Menurut kamus bahasa Jepang sih, gambaru itu artinya : “doko made mo nintai shite doryoku suru” (bertahan sampai kemana pun juga dan berusaha abis-abisan) Gambaru itu sendiri, terdiri dari dua karakter yaitu karakter “keras” dan “mengencangkan” . Jadi imaji yang bisa didapat dari paduan karakter ini adalah “mau sesusah apapun itu persoalan yang dihadapi, kita mesti keras dan terus mengencangkan diri sendiri, agar kita bisa menang atas persoalan itu” (maksudnya janganlah bersikap manja, tapi anggaplah semua persoalan itu adalah sebuah kewajaran dalam hidup, namanya hidup memang pada dasarnya tidak terhindar dari masalah, jadi jangan mengharap yang gampangnya saja, persoalan hidup hanya bisa dihadapi dengan gambaru, titik.).
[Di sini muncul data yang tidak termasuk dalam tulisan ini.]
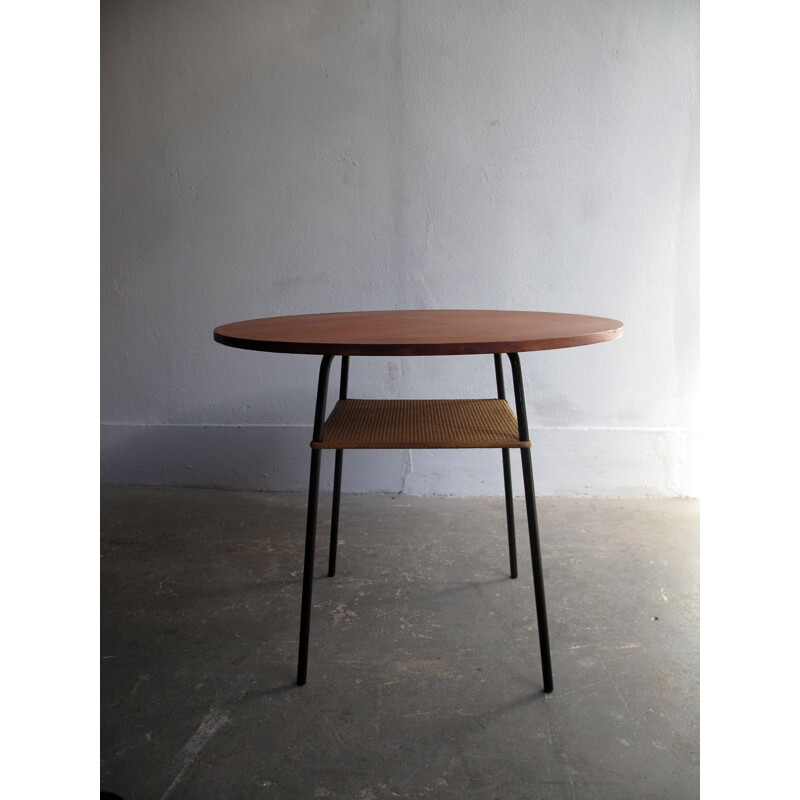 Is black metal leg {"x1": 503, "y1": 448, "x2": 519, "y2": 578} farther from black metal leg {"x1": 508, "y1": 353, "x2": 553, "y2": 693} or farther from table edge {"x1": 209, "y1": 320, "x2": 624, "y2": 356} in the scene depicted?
table edge {"x1": 209, "y1": 320, "x2": 624, "y2": 356}

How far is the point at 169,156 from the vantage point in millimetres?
2898

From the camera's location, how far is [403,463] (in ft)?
9.68

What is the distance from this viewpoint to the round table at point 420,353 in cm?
138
Terus terang aja, dua tahun saya di jepang, dua tahun juga saya tidak mengerti, kenapa masyarakat Jepang ini menjadikan Gambaru sebagai falsafah hidupnya. Bahkan anak berumur tiga tahun seperti Joanna pun sudah disuruh gambaru di sekolahnya, mulai dari memakai baju di musim dingin harus yang tipis biar tidak manja terhadap cuaca dingin. Didalam sekolah tidak boleh memakai kaos kaki karena kalau telapak kaki langsung kena lantai itu baik untuk kesehatan. Jika kena penyakit ringan hanya berupa ingus yang meler-meler atau demam 37 derajat sebaiknya tidak perlu bolos sekolah dan tetap dihimbau masuk dari pagi sampai sore, dengan alasan, anak akan kuat menghadapi penyakit jika ia melawan penyakitnya itu sendiri.
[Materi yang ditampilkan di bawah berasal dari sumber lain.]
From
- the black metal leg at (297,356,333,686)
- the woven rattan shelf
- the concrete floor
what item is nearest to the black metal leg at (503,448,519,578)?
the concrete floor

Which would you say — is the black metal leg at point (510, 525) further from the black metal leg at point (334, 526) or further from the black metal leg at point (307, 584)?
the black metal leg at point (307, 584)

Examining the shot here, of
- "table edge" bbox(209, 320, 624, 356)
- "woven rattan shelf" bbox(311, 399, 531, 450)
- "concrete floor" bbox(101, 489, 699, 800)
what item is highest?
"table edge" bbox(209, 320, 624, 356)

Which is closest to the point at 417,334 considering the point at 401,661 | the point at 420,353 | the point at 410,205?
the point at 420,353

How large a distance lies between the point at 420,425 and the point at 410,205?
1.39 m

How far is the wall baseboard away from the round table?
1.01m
Akibatnya, kalo naik sepeda di tanjakan sambil membonceng Joanna, dan saya ngos-ngosan kelelahan, otomatis Joanna akan berbicara : Mama, gambare! mama faitoooo! (mama ayo berjuang, mama ayo fight!). Pokoknya jangan manja terhadap masalah, gambaru sampe titik darah penghabisan. It’s a must!
Saya benar-benar baru mulai sedikit mengerti mengapa gambaru ini penting banget dalam hidup, adalah setelah terjadi tsunami dan gempa bumi dengan kekuatan 9.0 di Jepang bagian timur. Saya tahu, bencana alam di indonesia seperti tsunami di Aceh, Nias dan sekitarnya, gempa bumi di Padang , letusan gunung Merapi….juga bukanlah hal yang gampang untuk dihadapi. Tapi, tsunami dan gempa bumi di jepang kali ini, jauuuuuh lebih parah dari semuanya itu.
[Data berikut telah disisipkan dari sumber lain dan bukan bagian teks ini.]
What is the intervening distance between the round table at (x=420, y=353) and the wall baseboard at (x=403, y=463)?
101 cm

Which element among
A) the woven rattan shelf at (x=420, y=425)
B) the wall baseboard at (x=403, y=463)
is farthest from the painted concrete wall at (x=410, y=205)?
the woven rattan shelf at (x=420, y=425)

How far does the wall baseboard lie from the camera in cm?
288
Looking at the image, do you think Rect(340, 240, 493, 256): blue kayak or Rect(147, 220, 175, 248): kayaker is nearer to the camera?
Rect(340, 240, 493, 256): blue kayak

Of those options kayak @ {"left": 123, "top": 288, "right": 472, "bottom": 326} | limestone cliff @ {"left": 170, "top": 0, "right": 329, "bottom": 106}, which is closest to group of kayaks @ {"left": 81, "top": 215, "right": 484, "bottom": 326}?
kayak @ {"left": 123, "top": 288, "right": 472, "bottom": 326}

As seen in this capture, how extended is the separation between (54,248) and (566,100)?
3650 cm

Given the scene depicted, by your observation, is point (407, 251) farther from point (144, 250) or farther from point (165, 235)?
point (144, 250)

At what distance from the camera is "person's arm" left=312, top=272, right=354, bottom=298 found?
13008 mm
Bahkan, ini adalah gempa bumi dan tsunami terparah dan terbesar di dunia. Menjadi sangat wajar kalau kemudian pemerintah dan masyarakat Jepang menjadi panik kebingungan karena bencana ini. WAJAR juga kalau mereka kemudian mulai merasa galau, menangis dan tidak tahu harus melakukan apa.
Bahkan untuk skala bencana sebesar ini, rasanya bisa “dimaafkan” jika stasiun-stasiun TV memasang sedikit musik latar ala lagu-lagu ebiet dan membuat video klip tangisan anak negeri yang berisi wajah-wajah korban bencana yang penuh kepiluan dan tatapan kosong tak punya harapan.
Bagaimana tidak, tsunami dan gempa bumi ini benar-benar menyapu habis seluruh kehidupan yang mereka miliki. Sangat wajar jika kemudian mereka tidak punya harapan.
Tapi apa yang terjadi pasca bencana mengerikan ini? Dari hari pertama sejak terjadi bencana, saya menyalakan TV dan menunggu lagu-lagu ala ebiet diputar di stasiun TV. Mencari-cari juga di mana rekening dompet bencana alam. Video klip tangisan anak negeri juga saya tunggu-tunggu. Tiga unsur itu (lagu ala ebiet, rekening dompet bencana, video klip tangisan anak negeri), sama sekali tidak disiarkan di TV. Jadi apa saja yang ada? Ini yang saya lihat di stasiun2 TV :
- Peringatan pemerintah agar setiap warga tetap waspada.
- Himbauan pemerintah agar seluruh warga Jepang bahu membahu menghadapi bencana (termasuk permintaan untuk menghemat listrik agar warga di wilayah Tokyo dan Tohoku tidak berlama-lama terkena pemadaman listrik)
- Permintaan maaf dari pemerintah karena terpaksa harus melakukan pemadaman listrik terencana.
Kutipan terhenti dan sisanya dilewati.